─── SUPPLIED RECORDS ───

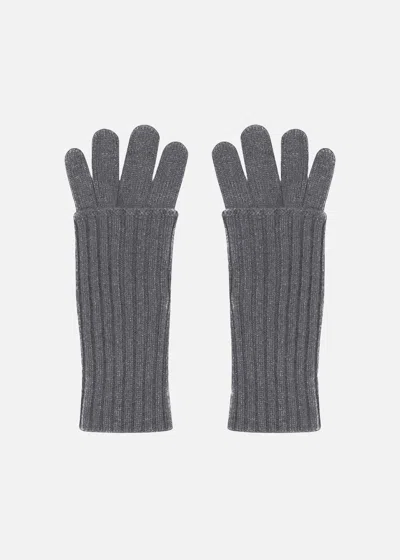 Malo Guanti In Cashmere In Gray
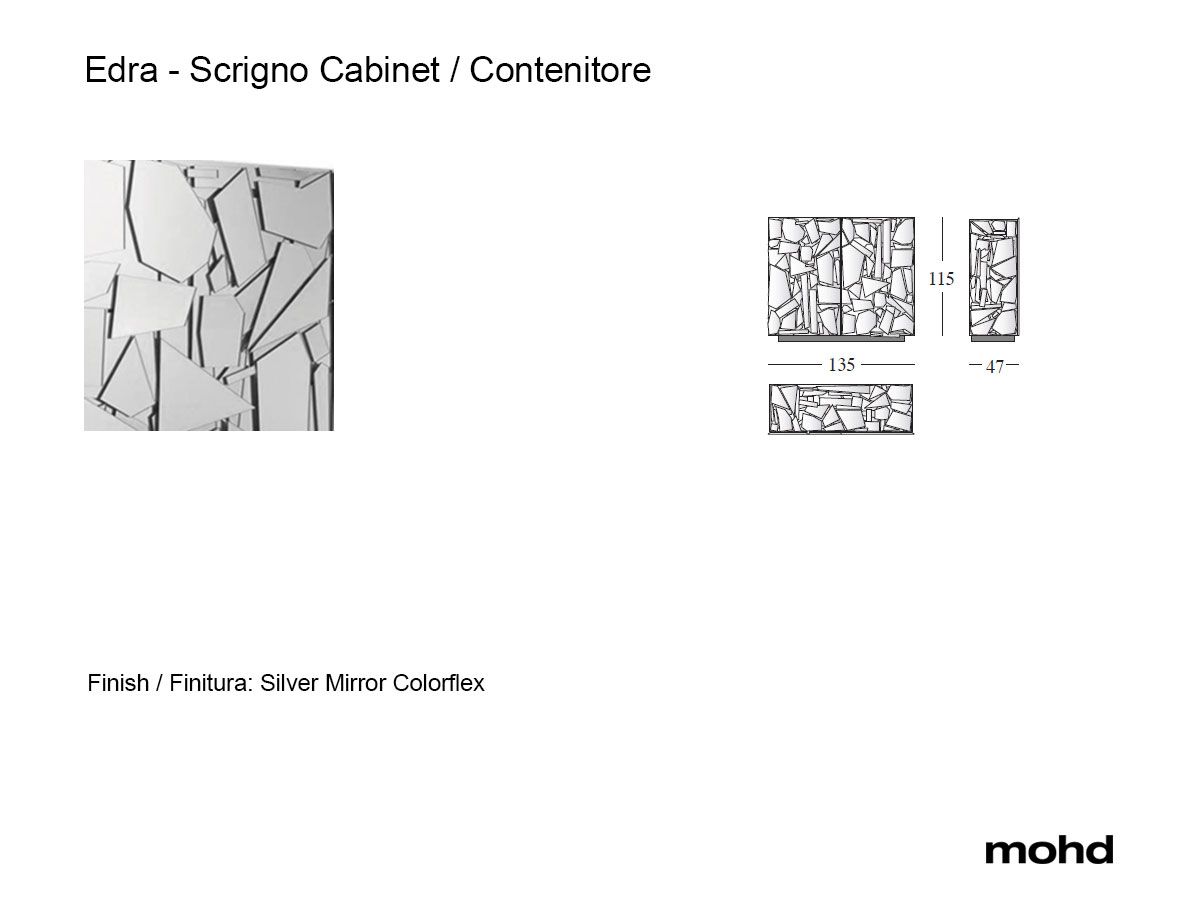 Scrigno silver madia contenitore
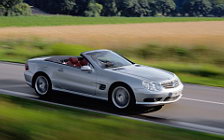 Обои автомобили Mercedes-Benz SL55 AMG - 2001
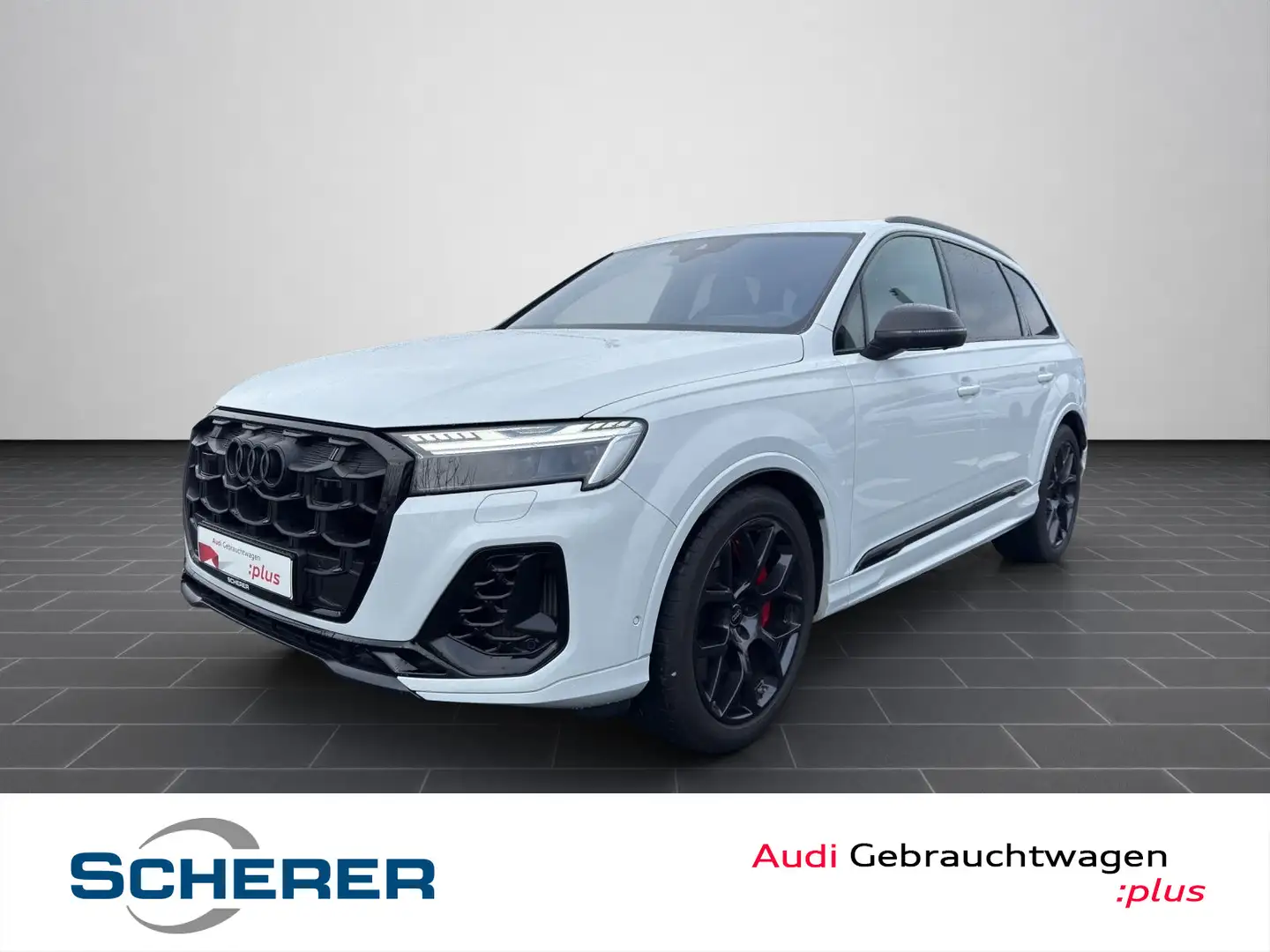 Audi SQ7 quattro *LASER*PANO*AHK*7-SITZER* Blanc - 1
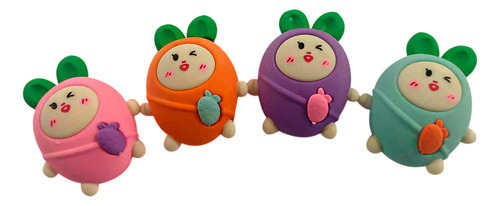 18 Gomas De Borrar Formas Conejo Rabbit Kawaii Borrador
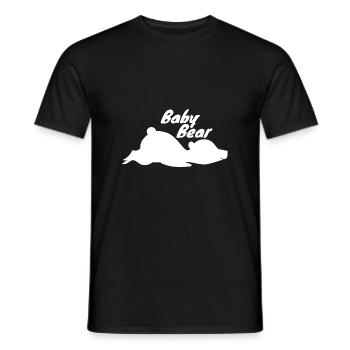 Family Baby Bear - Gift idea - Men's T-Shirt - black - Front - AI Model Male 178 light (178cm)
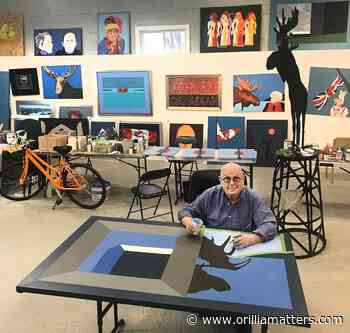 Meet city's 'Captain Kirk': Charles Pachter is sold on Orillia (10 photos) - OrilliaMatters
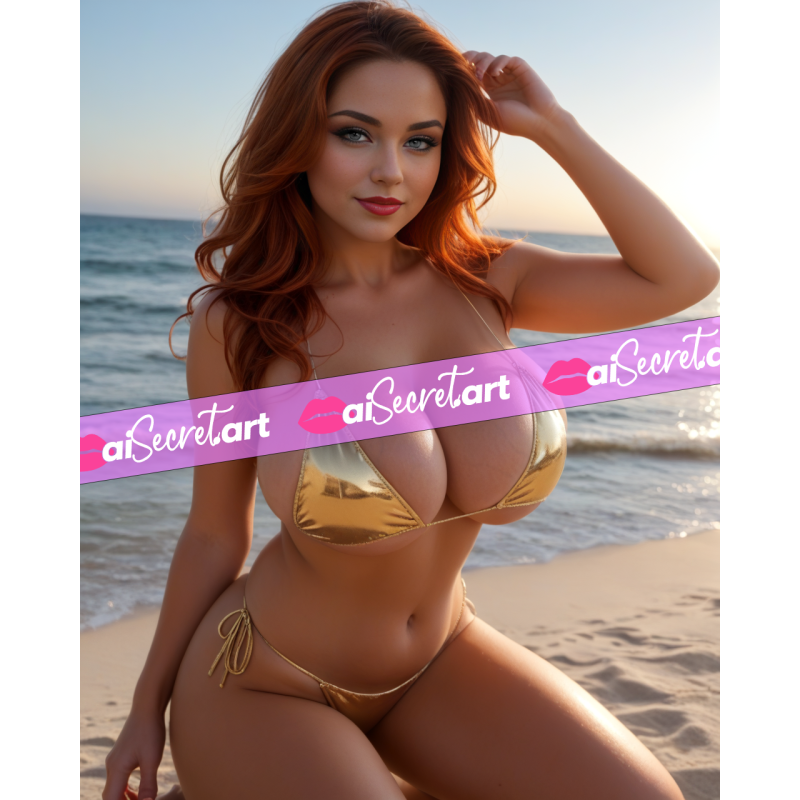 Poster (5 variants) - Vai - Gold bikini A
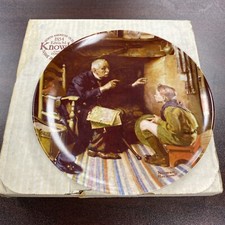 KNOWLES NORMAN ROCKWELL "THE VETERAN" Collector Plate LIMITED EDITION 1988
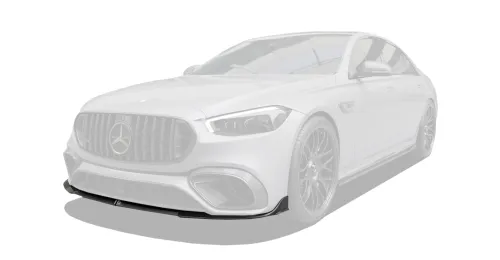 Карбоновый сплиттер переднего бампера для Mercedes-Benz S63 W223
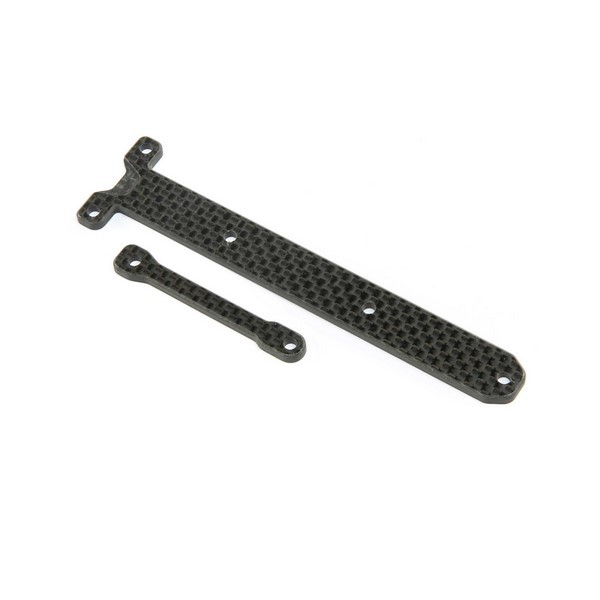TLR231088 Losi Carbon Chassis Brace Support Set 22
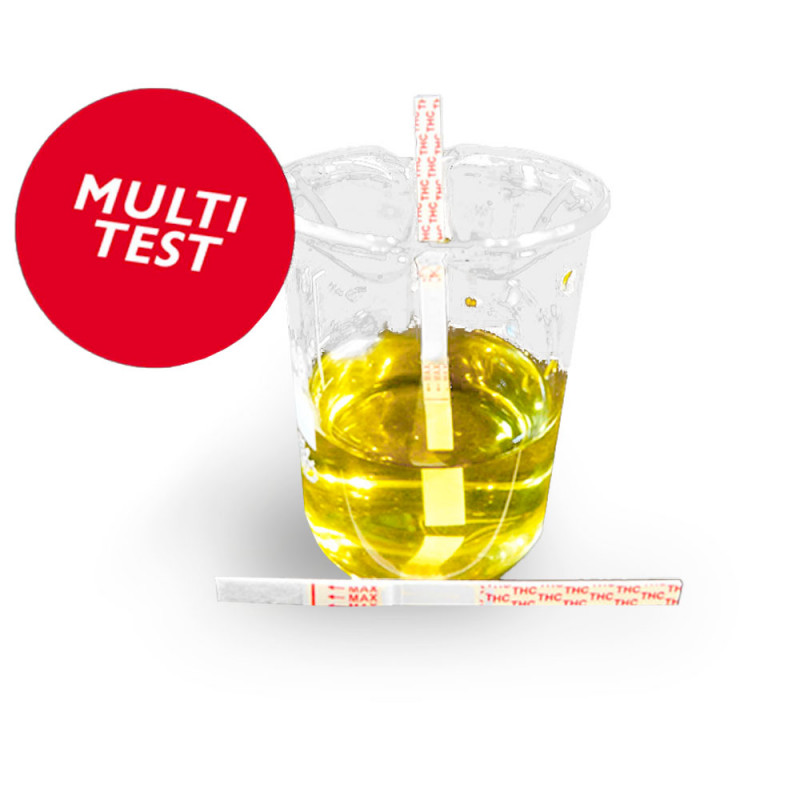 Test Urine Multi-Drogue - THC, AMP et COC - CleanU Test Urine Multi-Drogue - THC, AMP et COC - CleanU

───

> [INSTRUCTIONS TO FOLLOW]: Return the line containing "KNOWLES NORMAN ROCKWELL" and every line after it through the end of the records above, exactly and nothing else, but not the pictures.

> [ANSWER]:
 KNOWLES NORMAN ROCKWELL "THE VETERAN" Collector Plate LIMITED EDITION 1988
 Карбоновый сплиттер переднего бампера для Mercedes-Benz S63 W223
TLR231088 Losi Carbon Chassis Brace Support Set 22
 Test Urine Multi-Drogue - THC, AMP et COC - CleanU Test Urine Multi-Drogue - THC, AMP et COC - CleanU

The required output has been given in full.